介護の仕事をしている人なら『介護職員処遇改善加算』はご存知かと思いますが、「どういう制度か説明して」と聞かれて説明できる人は少ないと思います。
同僚より貰っている金額が少ない…
施設によっては貰えないの?
パートや派遣は貰えないの?
様々な疑問があると思います。
今回は、知っているようで意外と知られていない『介護職員処遇改善加算(※以下、処遇改善加算)』について解説します。

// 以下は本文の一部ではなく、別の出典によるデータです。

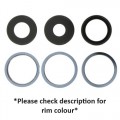 6PC iPhone 13 Pro / 13 Pro Max Rear Camera Lens with rim and metal hoop [Sierra Blue]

細かく説明するとマニアックになり過ぎてしまうので、大まかな「全体像」を掴めるように解説します。
『介護職員処遇改善加算』
低賃金、高い離職率…このままいくと介護業界は破綻してしまう…
そんな危機感から、介護職員の「処遇改善」を目的として設立された制度です。
出どころは「国」と「利用者の財布」です。
支給される時、施設長に「ご利用者様のお金だから感謝して頂いてね」みたいな事を言われて…
俺が頑張って働いたお金だ!
恩着せがましい事言うな!
と激オコになる人がいますが、「利用者の財布」から出ているのは事実なので、感謝の気持ちは忘れないようにしましょう。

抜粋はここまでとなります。